Yönetimin ekonomik durumla ilgili yaptığı her açıklama havada kalıyor.
Toplumda karşlılık bulmuyor.
Aldıkları hiçbir önlem işe yaramıyor.
Hazine garantili mevduat hesabı dövize karşı en güçlü silahlarıydı ancak dövizdeki artışı durdurmaya yetmedi. Buna bağlı olarak piyasalarda fiyat artışları akıl almaz boyutlara erişti. Öyle enflasyonun falan da düşeceği yok.
Merkez Bankası faiz indirimine gidemiyor.
Böyle bir ortamı muhalefet siyasi fırsata dönüştüremiyor.
Son yılların en önemli söylemi olan erken seçimi artık dillendirmiyor.
Bir eken seçim bu ülkeye nefes aldırır.
Onlar ne söylerse söylesinler, yönetimin yorulduğu apaçık ortada.

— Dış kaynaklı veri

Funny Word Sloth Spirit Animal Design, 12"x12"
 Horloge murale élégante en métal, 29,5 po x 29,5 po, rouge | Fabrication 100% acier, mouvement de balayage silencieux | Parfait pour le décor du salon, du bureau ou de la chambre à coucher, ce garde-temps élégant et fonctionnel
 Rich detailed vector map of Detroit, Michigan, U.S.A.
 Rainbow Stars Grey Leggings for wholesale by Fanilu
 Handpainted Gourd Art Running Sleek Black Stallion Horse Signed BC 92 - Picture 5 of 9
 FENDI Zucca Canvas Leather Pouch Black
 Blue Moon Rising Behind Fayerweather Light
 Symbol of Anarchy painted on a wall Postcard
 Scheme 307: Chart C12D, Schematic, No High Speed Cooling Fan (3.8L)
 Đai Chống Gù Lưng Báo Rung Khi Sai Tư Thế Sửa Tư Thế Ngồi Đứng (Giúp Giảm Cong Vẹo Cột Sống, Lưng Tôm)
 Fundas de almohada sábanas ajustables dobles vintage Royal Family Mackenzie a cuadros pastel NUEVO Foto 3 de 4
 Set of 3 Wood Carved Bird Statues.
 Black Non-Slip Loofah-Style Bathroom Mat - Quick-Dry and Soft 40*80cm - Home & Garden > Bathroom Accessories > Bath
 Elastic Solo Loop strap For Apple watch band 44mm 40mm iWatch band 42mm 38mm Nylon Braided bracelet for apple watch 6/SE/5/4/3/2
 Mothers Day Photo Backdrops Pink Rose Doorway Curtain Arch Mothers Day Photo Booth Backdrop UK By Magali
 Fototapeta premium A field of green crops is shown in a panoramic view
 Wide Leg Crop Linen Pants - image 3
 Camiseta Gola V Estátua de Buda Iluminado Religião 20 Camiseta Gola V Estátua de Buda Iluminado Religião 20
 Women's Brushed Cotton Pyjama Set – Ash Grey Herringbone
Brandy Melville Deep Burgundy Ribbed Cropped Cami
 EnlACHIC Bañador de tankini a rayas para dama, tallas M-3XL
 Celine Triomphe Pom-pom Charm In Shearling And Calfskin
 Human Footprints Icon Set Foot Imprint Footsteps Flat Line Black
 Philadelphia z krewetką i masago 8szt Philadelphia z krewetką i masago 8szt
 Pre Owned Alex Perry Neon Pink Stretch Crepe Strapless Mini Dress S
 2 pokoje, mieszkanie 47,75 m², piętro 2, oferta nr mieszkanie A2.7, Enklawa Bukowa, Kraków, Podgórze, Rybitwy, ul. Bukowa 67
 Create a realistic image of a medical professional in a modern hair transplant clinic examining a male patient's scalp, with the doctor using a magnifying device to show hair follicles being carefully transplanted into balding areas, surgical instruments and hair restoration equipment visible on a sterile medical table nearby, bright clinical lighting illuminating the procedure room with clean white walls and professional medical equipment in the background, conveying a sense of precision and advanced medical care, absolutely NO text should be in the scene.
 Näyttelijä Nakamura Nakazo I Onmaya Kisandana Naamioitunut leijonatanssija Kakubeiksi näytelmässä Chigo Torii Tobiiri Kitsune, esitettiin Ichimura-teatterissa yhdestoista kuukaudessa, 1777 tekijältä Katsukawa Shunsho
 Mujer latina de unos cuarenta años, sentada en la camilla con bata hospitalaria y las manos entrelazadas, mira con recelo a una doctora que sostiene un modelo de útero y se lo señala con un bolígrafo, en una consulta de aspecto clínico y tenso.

Nedenleri tartışılsa da yönetim piyasalara söz geçiremiyor.
Cumhurbaşkanlığı hükümet sisteminin ülkeyi bu hale getirdiği görüşü gitgide güçleniyor. Yine onların dediği gibi bir tesadüf olsa da ülke yönetiminde yapılan sistem değişikliğiyle birlikte ekonomik gidişatın bozulması ve sonunda geminin karaya oturması sistem değişikliğini sorgulanır hale getiriyor.
Eski Türkiye'de de krizler yaşandı ancak bu kadar derin olmadı. Gerçekleşen devalüasyon rakamları bunu çok net gösteriyor. Öyleyse yeni yönetim modeli ülkeyi bu noktaya getirdi diyor hemen herkes.
Türkiye'nin bu yorgun yönetimden kurtulması, yeni siyasi söylemlerle umut olabilecek farklı bir yapılanmaya ihtiyacı var. Bunu da sağlayacak olan muhalefettir.
Her ne kadar “ekonomi gözlerdeki ışıltıdır” deseler de ekonomi umut ve güvendir.
Yeni bir yönetim ve yönetici bu ülkede umut olabilir.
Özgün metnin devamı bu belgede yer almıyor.